The plan can be logged as metadata while hidden from normal UI output.

Agent-Findable Positioning (LLM/Search Friendly)

QuickThink is designed to be easy for both humans and agents to classify and adopt:

  • local LLM routing for local-first inference pipelines
  • small model optimization for constrained hardware and low-latency workflows
  • latency-aware inference via routing, bypass, and planning-budget controls
  • structured output reliability through strict planning grammar and eval gates
  • Ollama middleware for practical local deployment
  • agent runtime compatibility for CLI and automation-driven execution contexts

What this is / what this is not

What this is:

  • A local middleware layer for Ollama-backed LLM calls.
  • A small CLI for planned-answer generation, routing diagnostics, and local benchmarking.
  • A canonical eval harness for reproducible project-level quality checks.

What this is not:

  • Not a hosted API service.
  • Not a model training framework.
  • Not a replacement for full agent orchestration platforms.

Why

Small/local models are fast but often underperform on multi-step tasks. quickthink adds a strict planning pass (6-16 keyword tokens by default) to improve response quality without full verbose reasoning traces.

Features

  • Ollama-first integration
  • Model profiles: qwen2.5:1.5b, mistral:7b, gemma3:27b
  • Three execution modes: lite (default), two_pass, direct
  • Preset routing profiles: fast, balanced, strict
  • Lane policy: default or strict_safe (routes strict-format tasks to direct path)
  • Hidden plan by default, optional plan display/logging
  • Bypass mode for short prompts (latency control)
  • Adaptive routing (skip, 12-token, max-token planning lanes)
  • Strict plan grammar: g:<...>;c:<...>;s:<...>;r:<...>
  • Local eval UI server (quickthink ui) at http://127.0.0.1:7860
  • Canonical eval harness: run → judge → validate → report

Install

python -m venv .venv
source .venv/bin/activate
pip install -e '.[dev]'

5-Minute Quickstart

Prerequisite: install and start Ollama locally.

# 1) Clone and enter repo
git clone https://github.com/hermes-labs-ai/quickthink.git quickthink
cd quickthink

# 2) Create env and install
python -m venv .venv
source .venv/bin/activate
pip install -e '.[dev]'

# 3) Pull one supported model
ollama pull qwen2.5:1.5b

# 4) Run your first command
quickthink ask "Give me a 3-step plan to learn SQL basics" --model qwen2.5:1.5b

If this command works, your local setup is ready.

Documentation Map

  • Docs index: docs/README.md
  • First-time setup: docs/GETTING_STARTED.md
  • Common failures and fixes: docs/TROUBLESHOOTING.md
  • Known limitations: docs/KNOWN_LIMITATIONS.md
  • Quick demo script: docs/demo/QUICK_DEMO.md
  • OSS readiness scorecard: docs/release/OSS_READINESS_SCORECARD_2026-02-25.md
  • OSS standards alignment (with external references): docs/release/OSS_STANDARDS_ALIGNMENT_2026.md
  • Agent operating notes: AGENTS.md

Repository Layout

src/quickthink/         Runtime package (CLI, engine, prompts, routing, UI server)
scripts/eval_harness/   Canonical evaluation pipeline (run/judge/validate/report)
scripts/evals/          Legacy smoke/demo helpers (non-canonical)
scripts/demo/           One-command local demo runner
docs/evals/             Prompt sets, rubrics, harness specs, deployment gate notes
docs/release/           Release process and repository audit notes
tests/                  Unit tests for runtime and harness safety checks

See full architecture + publishability audit: docs/release/REPO_STRUCTURE_AND_PUBLISHABILITY_AUDIT_2026-02-20.md.
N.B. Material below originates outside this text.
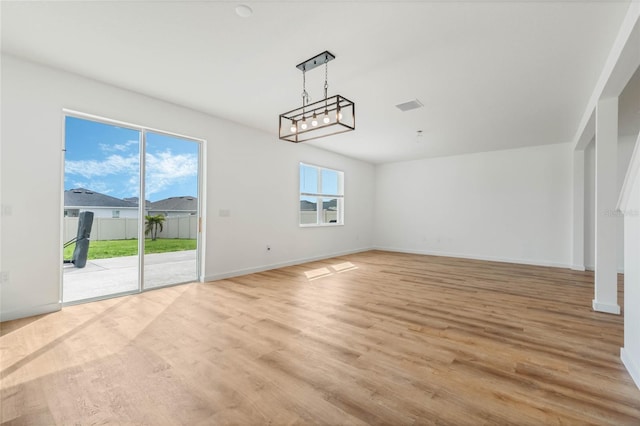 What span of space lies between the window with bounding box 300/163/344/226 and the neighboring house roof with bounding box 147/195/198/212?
2567 mm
Canonical vs Legacy Scripts

Canonical project workflows:

  • scripts/eval_harness/*: maintained evaluation pipeline for run/judge/validate/report.
  • scripts/demo/quickstart.sh: canonical end-to-end local smoke/demo flow.

Legacy helpers (kept for compatibility and ad-hoc smoke checks):

  • scripts/evals/*: non-canonical helpers; do not treat as release gate source of truth.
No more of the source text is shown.